**DIRECTIONS:**
Copy the data exactly. Images are to be left out.

**RAW DATA:**
----
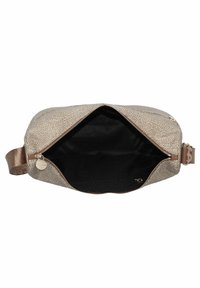 Borbonese LUNA  - Schoudertas - beige  marrone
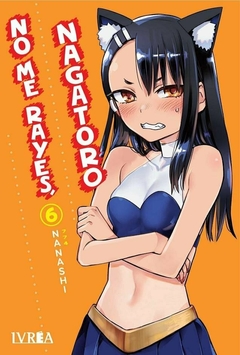 No me rayes Nagatoro ! #6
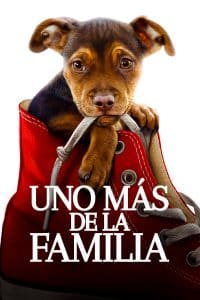 Poster for the movie "Uno más de la familia"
----
**SOLUTION:**
 Borbonese LUNA  - Schoudertas - beige  marrone
 No me rayes Nagatoro ! #6
 Poster for the movie "Uno más de la familia"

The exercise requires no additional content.